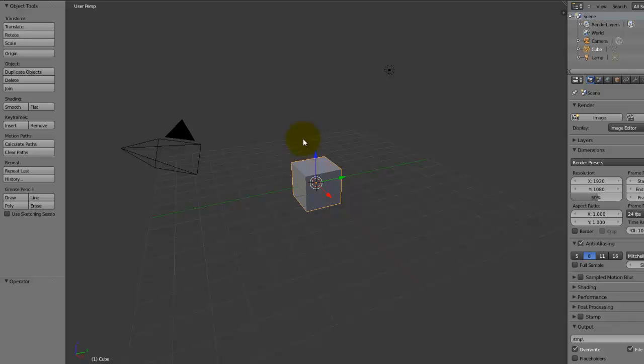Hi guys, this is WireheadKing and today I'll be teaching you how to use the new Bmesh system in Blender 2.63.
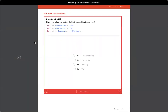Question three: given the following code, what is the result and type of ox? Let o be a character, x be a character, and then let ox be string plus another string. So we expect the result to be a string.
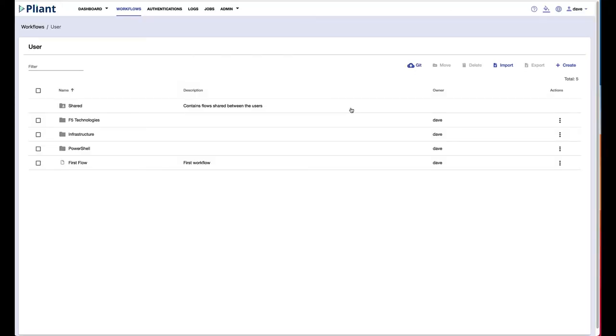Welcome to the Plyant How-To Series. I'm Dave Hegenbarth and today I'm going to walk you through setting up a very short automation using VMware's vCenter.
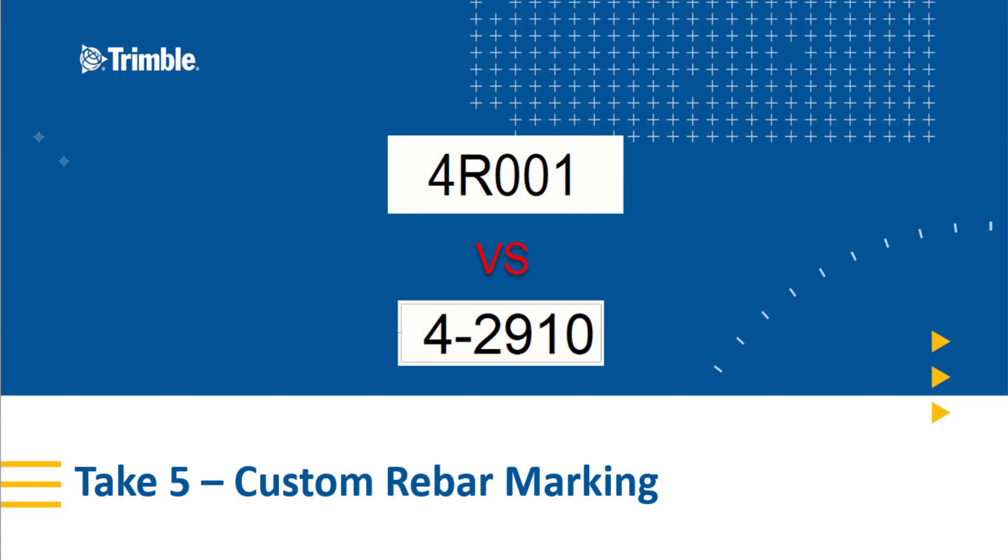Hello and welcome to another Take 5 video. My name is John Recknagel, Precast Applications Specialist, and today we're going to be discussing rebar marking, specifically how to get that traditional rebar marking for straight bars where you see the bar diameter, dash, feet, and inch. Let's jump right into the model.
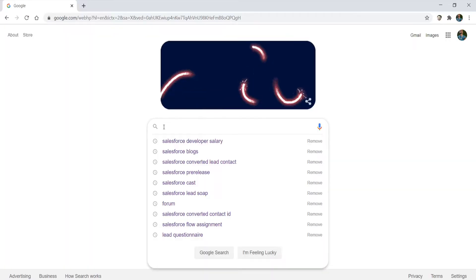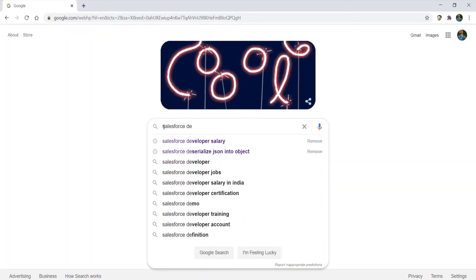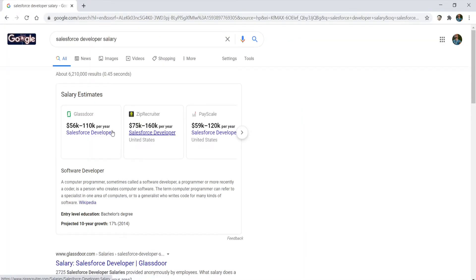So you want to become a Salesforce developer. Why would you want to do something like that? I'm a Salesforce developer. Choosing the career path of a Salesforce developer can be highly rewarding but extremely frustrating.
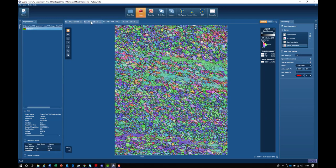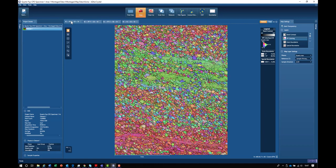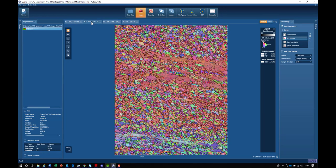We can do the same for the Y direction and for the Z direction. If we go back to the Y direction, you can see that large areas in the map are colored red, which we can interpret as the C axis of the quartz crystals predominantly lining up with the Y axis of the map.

----------------

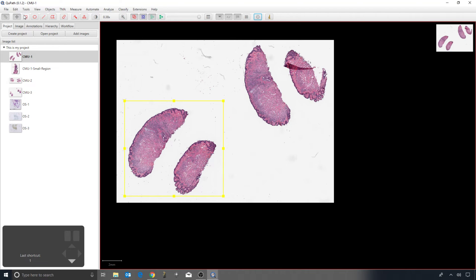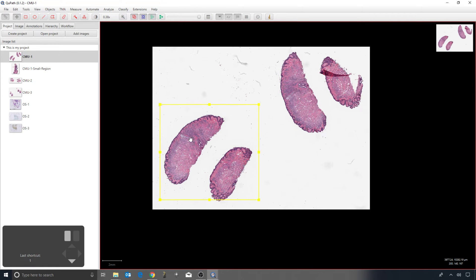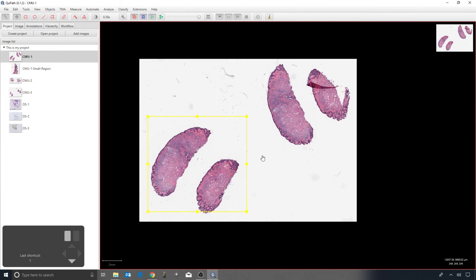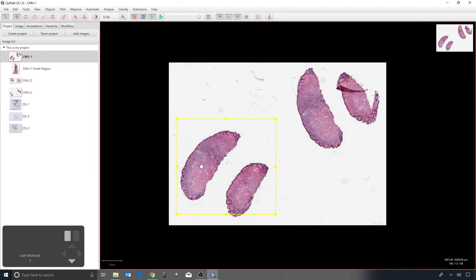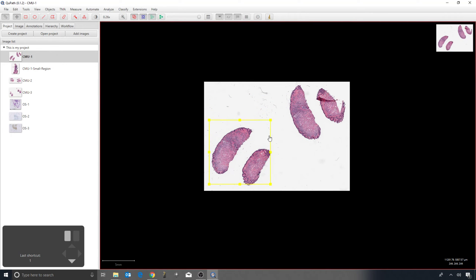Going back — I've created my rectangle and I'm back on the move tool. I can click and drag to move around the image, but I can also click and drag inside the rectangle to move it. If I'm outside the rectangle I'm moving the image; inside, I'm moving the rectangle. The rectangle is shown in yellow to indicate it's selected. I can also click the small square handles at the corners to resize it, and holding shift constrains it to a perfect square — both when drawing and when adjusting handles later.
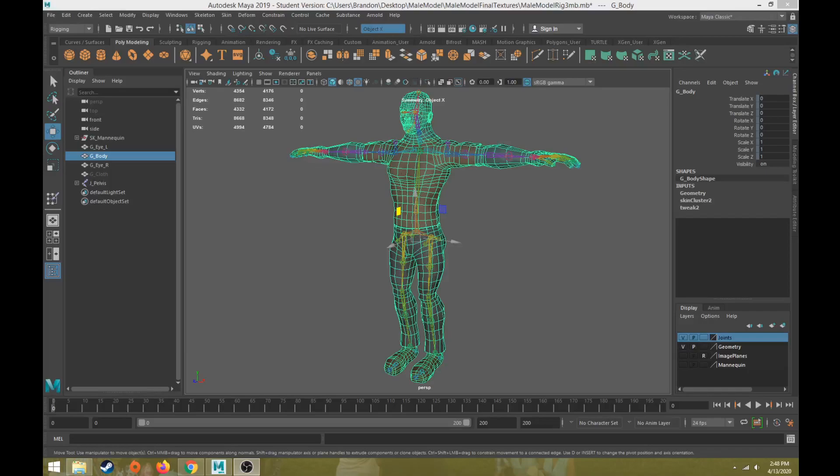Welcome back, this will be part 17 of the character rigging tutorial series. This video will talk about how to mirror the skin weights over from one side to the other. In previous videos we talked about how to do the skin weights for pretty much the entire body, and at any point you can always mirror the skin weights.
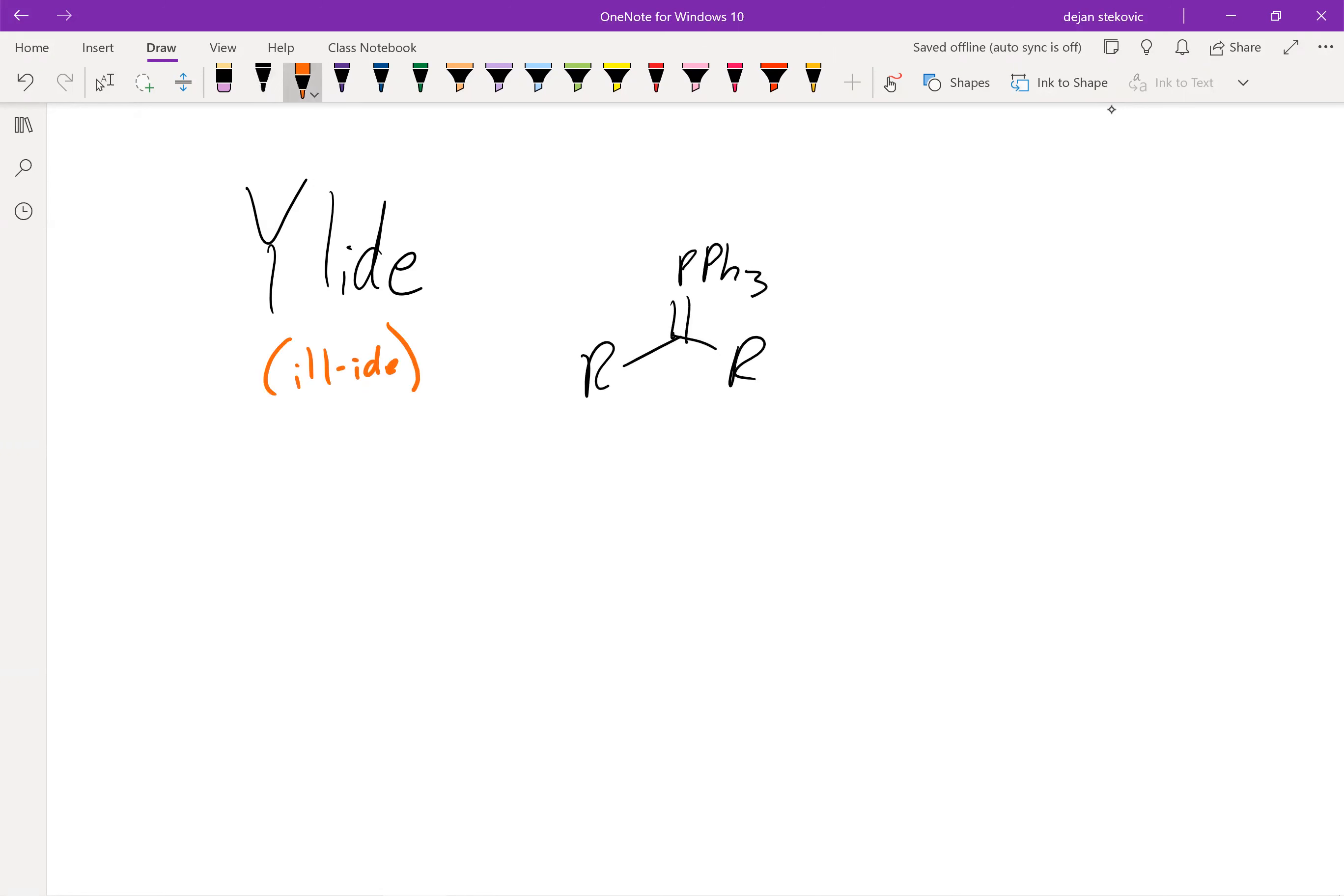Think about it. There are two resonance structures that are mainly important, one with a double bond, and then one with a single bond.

----------------

Although the records hold pictures, the copy must not; give again exactly the lines from the one with "Hi guys, this" through the one with "Question three: given".

-- Solution to this problem --
Hi guys, this is WireheadKing and today I'll be teaching you how to use the new Bmesh system in Blender 2.63.
Question three: given the following code, what is the result and type of ox? Let o be a character, x be a character, and then let ox be string plus another string. So we expect the result to be a string.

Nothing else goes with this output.